Jane Austen is this pretty good writer; she has her fans and her moments in her writing.
But ...
But she always, doesn't she, she always-always-always has to have the moment in the light for the ne'er-do-well. "Oh, Wickham isn't all that bad because of this!" "Oh, Willoughby is actually caught in the middle because of that!" "Oh, ..."
Oh, please.
The Jane Austen movies these days are improvements on the originals because they make the wise decisions to cut out that unnecessary and unhelpful exposition.
Silence of the Lambs was an improvement on the original because ... well, you can't have all this internal monologue in a movie (Adaptation notwithstanding) ... and it was Hannibal and Hannibal and Clarice that was compelling, not the whole drama of our FBI director back home.
Blade Runner is an improvement on "Do Androids Dream of Electric Sheep" because it improves on ... well, everything. Phillip Dick was certainly visionary but he was a little too paranoid/fanatically religious in his writings for his own good.
What do all these improvements teach us?
Do they worship the source material?
Yes, they are loving adaptations.
But no: they look at their sources with a practical, pragmatic eye, and cut what needs to be cut.
Let's look at the purely canonical movies of Twilight and Harry Potter (the first one).
Are they canonical? Yes.
Are they loving adaptations?
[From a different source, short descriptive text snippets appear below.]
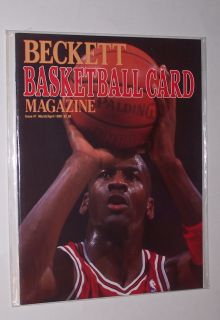 1990 Beckett Basketball 1 Issue Michael Jordan Mint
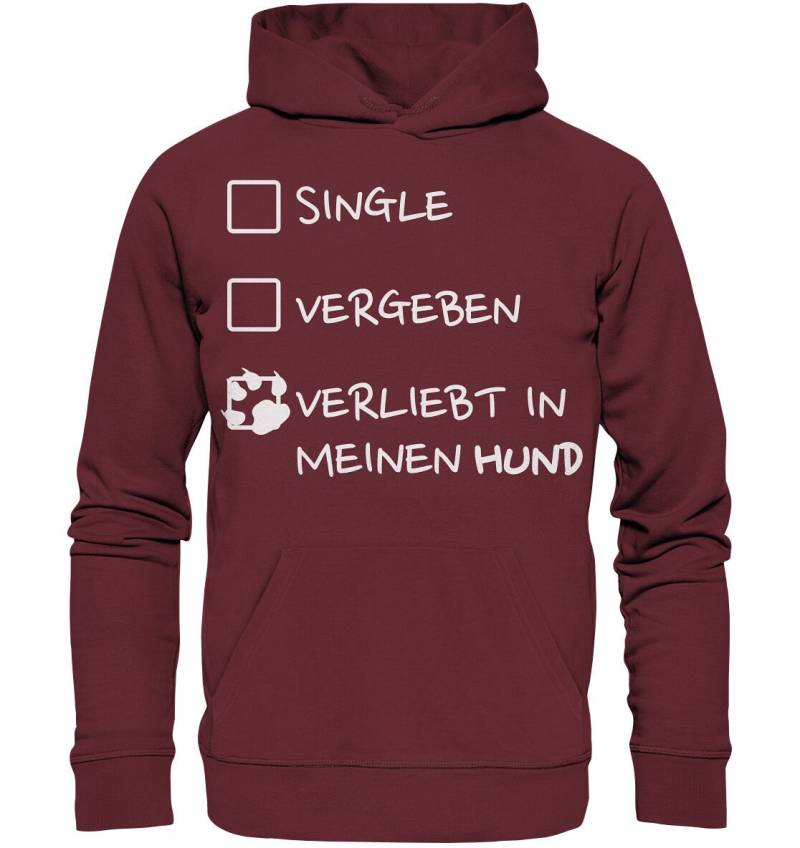 Humorvoller Damen-Hoodie Mit Hunde-Motiv - Ein Must-Have Für Hundeliebhaber von EchteHundeliebe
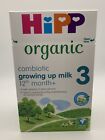 HiPP Organic Combiotic Growing Up Milk 3 - 600g - (4 Packs) W28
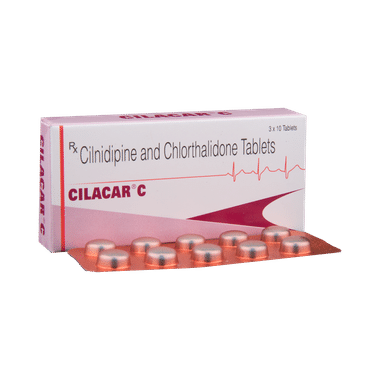Cilacar C Tablet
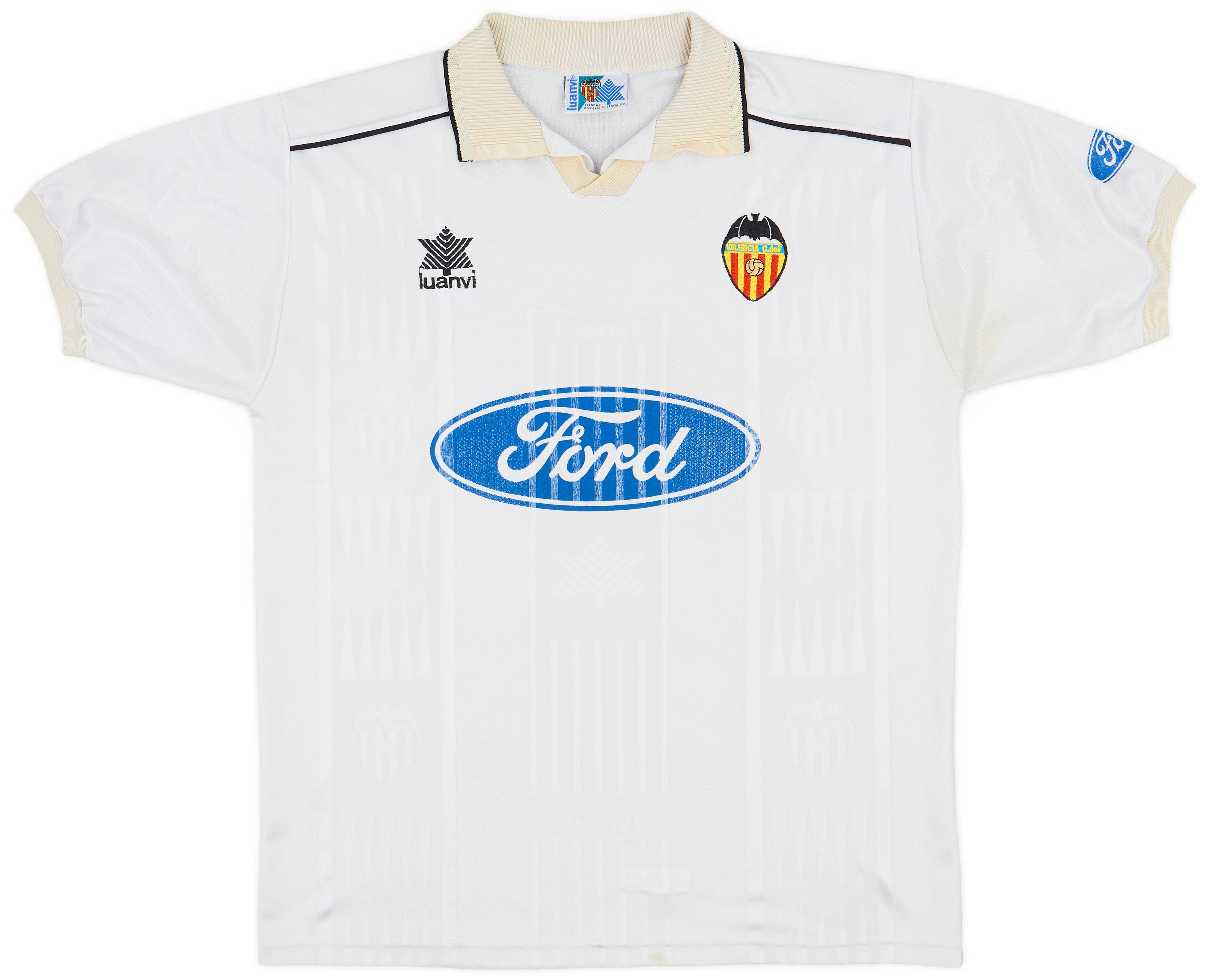 【はこぽす対応商品】 - #25 Ortega Shirt Home Valencia 1996-97 6/10 (XL) - ウェア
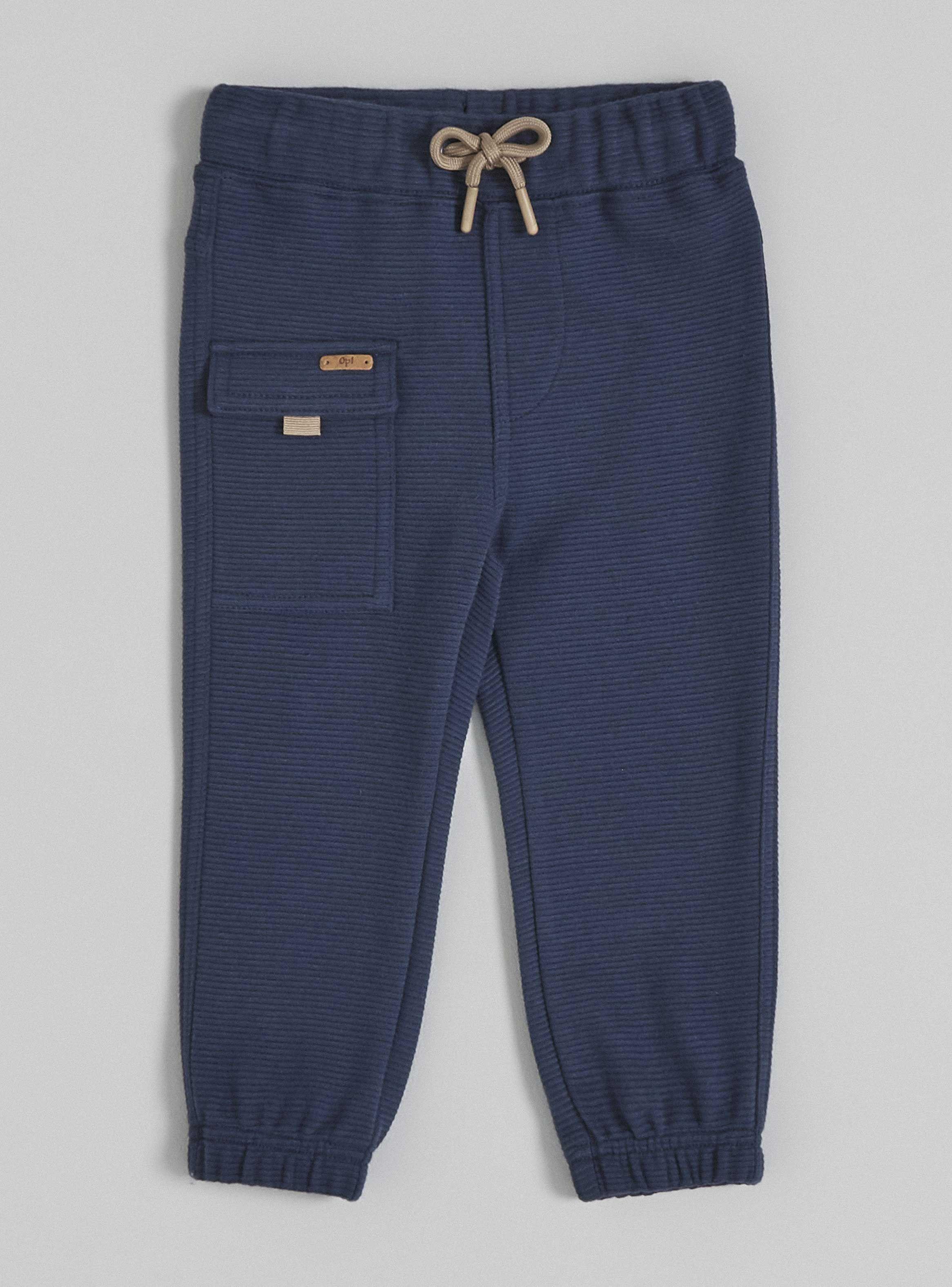 Pantalón Jogger con Cordón en Cintura-0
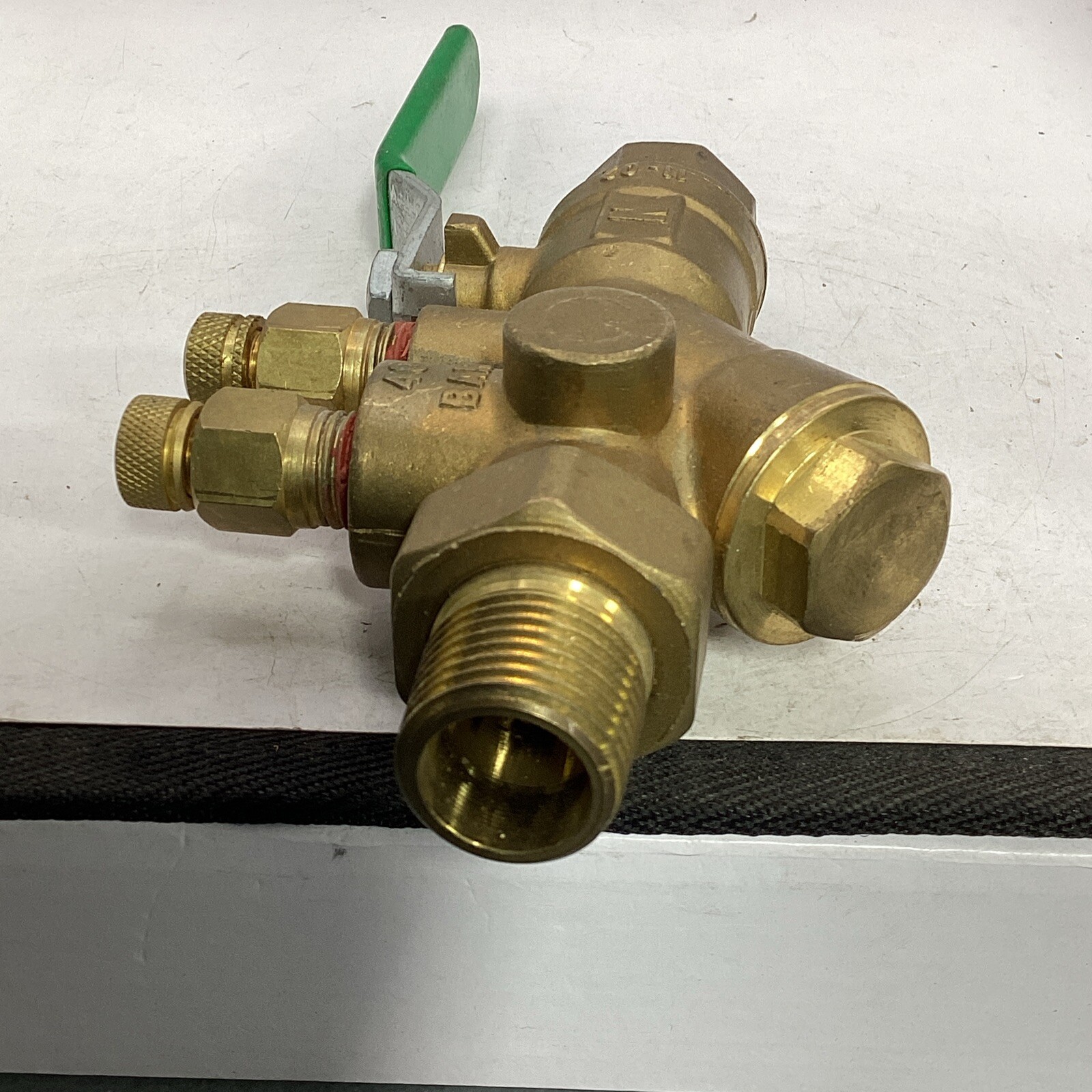 Nexus 11-02 Balancing Valve 40 Bar 600 WOG 1/2”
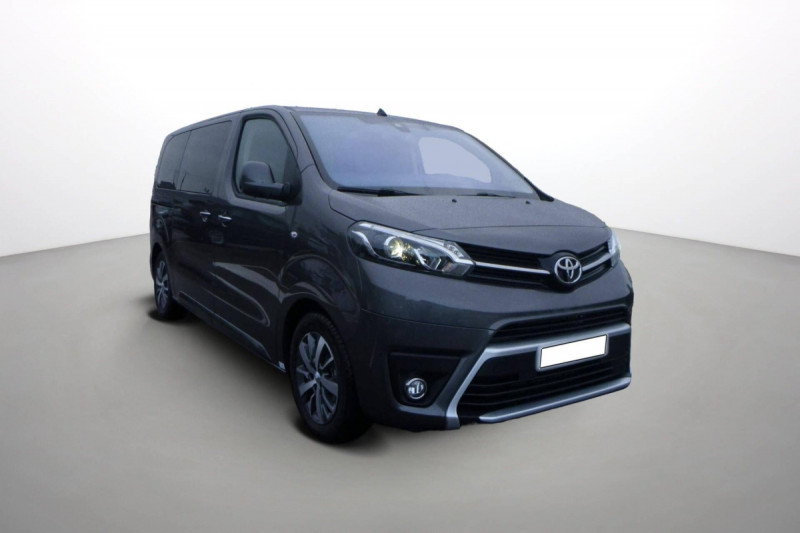 Toyota PROACE VERSO Proace Verso Medium 2.0L 180 D-4D BVA8 Lounge Diesel Gris clair Occasion à vendre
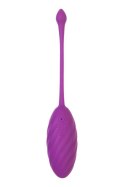 Vibrating egg A-Toys Purr, silicone, purple, 18 cm TOYFA - Boys of Toys Sp. z o.o. (dystrybutor)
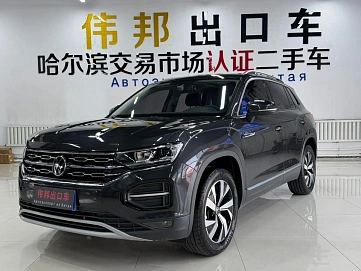 Volkswagen Tayron, 2022г., передний привод, робот
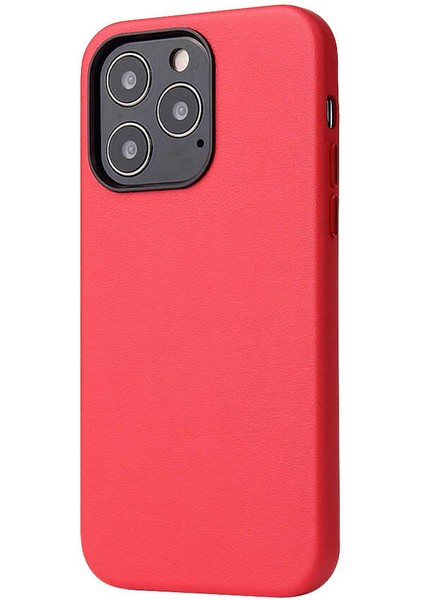 iPhone 13 Pro Max Uyumlu Lckc Eyzi Kapak-Kırmızı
Yes.
But these are not the "failings" of these movies (can a vehicle that spawns an industry of more than one hundred million USD be considered a "failure"?). These movies do not fail because they are canonical. No, they fail because they adore their sources. Cutting something, anything, is anathema, and the directors where told their jobs (the directors were "directed" ... that must be really hard when somebody tells you what to do and how to do it when you are at the top of your field): Keep it Faithful.
Harry Potter and Twilight were not movies: they were holocausts ... "whole burnt offerings of worship to G-d." I mean, really, how many full-on sepia-toned close ups of our leading lads and ladies looking reverential must we stomach?
So: the scene were Bella is to be murdered and Edward and Alice fight with the guard. Not canonical. Not by a long shot. Not even realistic, given the Volturi's might and our Cullen representatives' lack.
But that's not why I don't like this scene.
I don't like this scene because it shows it hasn't gotten over the adoration phase of the books.
You know what I think that needs to happen?
Thanks for asking me that.
What needs to happen is about fifty or so years need to pass, and then somebody needs to do a movie of the sources, so the movies can be adapted worshipfully, yes, but with a good, healthy, respectful distance of years that mortals in time seem to rely on o-so-much.
My story has canonical characters ... goody for me and pat me on the back. The new New Moon Volturi fight scene is not canonical ... boo on them, but not just because of the departure from canon.